This question seems super easy but I just can't figure it out.
I have the following dataframe:
watched_df = pd.DataFrame([['Love Death Robots', '2016-01-29 14:04:22', 'Anna'],
['James Bond', '2016-02-29 14:04:22', 'Anna'],
['Lord of the Rings', '2016-09-29 14:04:22', 'BoB'],
['The Hobbit', '2016-10-29 14:04:22', 'Anna'],
['Beauty and the Beast', '2016-06-29 14:04:22', 'BoB']],
columns=['Title', 'Date', 'Profile_Name'])
watched_df.head()
For each user I want to know what is the 'Title' of the first movie the 'Profile_Name' has watched and on what 'date' it was.
So the wanted result is:
wanted_df = pd.DataFrame([['Love Death Robots', '2016-01-29 14:04:22', 'Anna'],
['Beauty and the Beast', '2016-06-29 14:04:22', 'BoB']],
columns=['Title', 'Date', 'Profile_Name'])
wanted_df.head()
I managed to get a dataframe that is indexed by the 'Profile_Name' and the respective oldest dates.

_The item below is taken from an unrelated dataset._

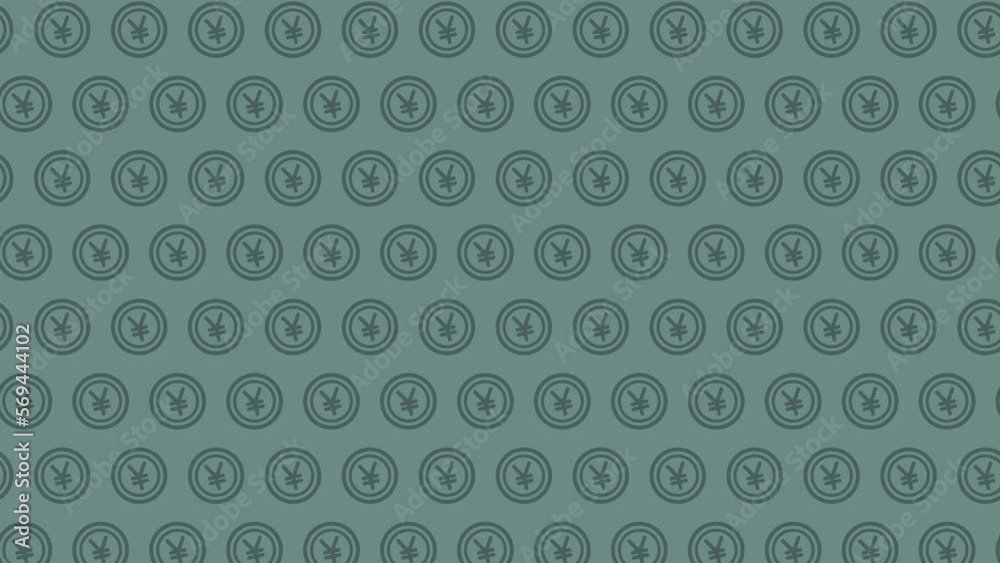 Japanese Coin Background Animation(dull green Japanese Coin Background Animation(dull green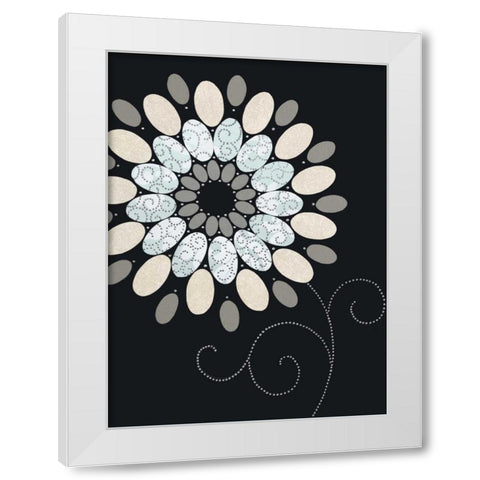 Symphony Of Blues II White Modern Wood Framed Art Print by Design Show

But I cannot manage to add the 'Title' to the dataframe
CodePudding user response:
First you need to change the data type of "Date" to datetime:
watched_df['Date'] = pd.to_datetime(watched_df['Date'])
Then you just need to sort by date first and remove duplicates by keeping it the first row:
watched_df.sort_values('Date').drop_duplicates(['Profile_Name'], keep='first')
This should give the result you are looking for.